How technology can help
Game mechanics don’t have to be derived from software, but it can help. At Deloitte LLP, for example, the onboarding program is very gamified. Early on, compliance, privacy, and ethics training materials were taught using a game board, modeled after the popular game “LIFE.” Today, the firm has expanded on the model to build an online game called The Chosen Analyst to teach professional consultants’ skills around a narrative of the coming Zombie Apocalypse.

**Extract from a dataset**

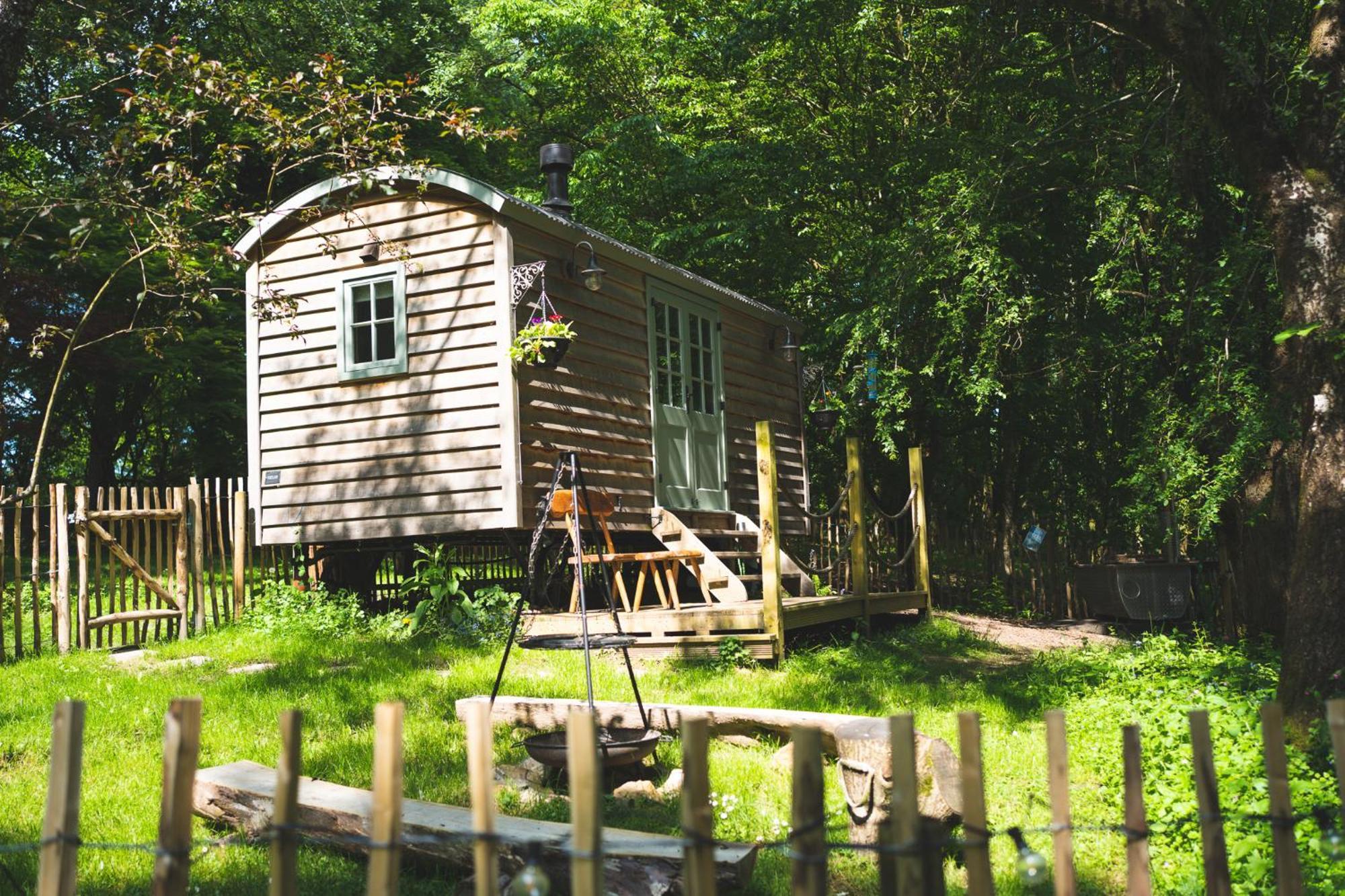 Somerset Shepherds Huts Winsham Ngoại thất bức ảnh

Deloitte learned the power of game mechanics first, then applied technology to serve those objectives. The process pulled from storytelling the way traditional video games do. A story, like the Zombie Apocalypse, had to be compelling—and a little outlandish—to be fun. A good onboarding platform implements the best gamification elements so that corporate resources can focus on learning to be transferred to new employees. Best practices for gamification elements include:
- Game mechanics like points for accomplishments, bonuses for special features, time-based tracking and a progress countdown, defined goals and levels, and an acknowledgment of status.
- Engagement where participants develop stories, take on challenges and quests, and develop characters and avatars
- Elements that give participants control over the game, the freedom to fail, and consistent feedback.
Recent disruptions caused by the novel Coronavirus pandemic have given firms everywhere an appreciation for virtual learning platforms and self-paced training activities that keep training moving even when participants can’t travel or interact directly. With cloud-based tools that can be continuously refined based on engagement and progress metrics, modern training platforms are applying these best practices to one of the biggest challenges in human resources: onboarding.
The revenue generated by billions of gamers and social media users has created a golden age for social science research into online user behavior. Mindtickle has now applied this research to onboarding as a way to optimize how Millennial and Gen Z digital natives learn when they join the workforce. Onboarding success has the potential to not only improve retention, but also drive productivity and predictable quota attainment.